If the origin of the request and target of the request do not match then it is a cross origin request . In other words if a web application running under one domain tries to access resources in another domain then it is called a cross origin request.
- For the purposes of matching only domain, scheme and port are considered.
- Subdomain is considered a different domain.
- Let us say user types http://example.com/page1 on browser addressbar.
- The origin of any request (script/non script eg a click on link) from this tab will be (scheme=https, host=thirdparty.com , port=80)
- The following requests would be examples of cross origin requests
- If the user clicks on link or makes a script request to http://sudomain.example.com (doamin does not match ,subdomain is considered a different domain)
- If the user clicks on link or makes a script request to http://anothersite.com (domain does not match)
- If the user clicks on link or makes a script request to http://example.com:8080 (port is not matching)
- If the user clicks on link or makes a script request to https://example.com (scheme is not matching)
- The following requests would be examples of same origin requests
- If the user clicks on link like http://example.com/page2
- If there is nothing in address bar (initial navigation by user ) or if the user types on the address bar then it will not be cross origin request.
- In case of redirect same rules apply (the request before and after redirection are normal http requests).
- For security reasons, the browser applies same origin policy to scripts. ie cross origin script requests are blocked. (cross orgin links etc are not forbidden) hence for cross origin script requests to work, CORS(cross origin resource sharing) header origin has to be part of request and this origin must be in the whitelist of destination. Read more about CORS https://clarifyforme.com/posts/5106719612993536/what-is-cors
- In case of spa the origin will the domain from where the spa's javascript was downloaded.
- Hybrid Apps running in Capacitor have capacitor://localhost (iOS) or http://localhost (Android) as their origin.
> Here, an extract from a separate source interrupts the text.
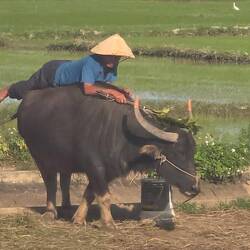 BMW - Bauer mit Wasserbüffel, wie der Reiseleiter sagte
- If example.com loads an iframe with src="icicibank.com" and a navigation is done within iframe to icicbank.com, the request would still be considered cross origin as this is cross site iframe.
- Inherited origins :
- about:blank is often used as a URL of new, empty popup windows into which the parent script writes content (e.g. via the Window.open() mechanism). If this popup also contains JavaScript, that script would inherit the same origin as the script that created it.
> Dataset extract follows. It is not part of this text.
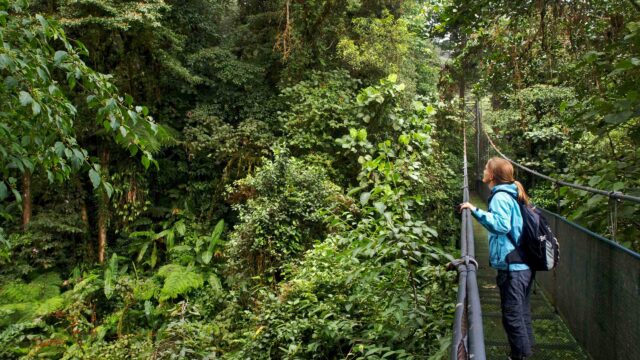 A traveler on a bridge in Costa Rica.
- Note that data: URLs get a new, empty, security context. (requests will not be cross orgin)
- Cross origin access can be
- embedding
- JavaScript with script tag
- CSS
- Images displayed by img tag.
- Media played by video and audio tag
- Anything embedded by iframe tag.
- If windows share the same origin (host, port, protocol), then windows can do whatever they want with each other. otherwise, if it comes from another origin, then we can’t access the content of that window: variables, document, anything. The only exception is location: we can change it (thus redirecting the user). But we cannot read location (so we can’t see where the user is now, no information leak). Also messages can be posted.
- Also typically requests made from cross-site iframe will typically go without samesite=strict cookies . If a.com page loads icicibank.com in an iframe (the parent page origin and iframe origin do not match) and from iframe requests are made to icicibank.com , the requests will go without icicbank.com cookies which have samestie attribute strict. Also the response will be considered third party cookies. Note that if icicibank.com page was loading another icicbank.com page in iframe this issue would not be there.
- writes
- links
- forms
- redirects
- cross origin http requests from scripts.
- embedding
- The cookies sent as response to cross origin request will be considered third party cookies by browser.
- In response to cross origin javascript request, normal third party cookie policies are applicable, if a script loaded from a.com makes xhr request to b.com and if third party cookies are disabled in browser settings , then third party cookie will not be set (although note that error will not be thrown).
- SameSite cookie attribute can be used to control if cookies will go in cross origin requests.
- SameSite affects both first party and third party cookies.
- If the third party cookies are blocked in browser settings then they will not go even if SameSite=none.
- Firstparty/thirdparty cookies will go cross origin script requests if SameSite=none.
- A page may change its own origin, with some limitations.A script can set the value of document.domain to its current domain or a superdomain of its current domain. If set to a superdomain of the current domain, the shorter superdomain is used for same-origin checks.
- A script from the document at http://store.company.com/dir/other.html can set document.domain = "company.com"; After this requests made to compnay.com will pass the same origin check. Hence a subdomain can make xhr reqeuests to domain by simply modifying document.domain.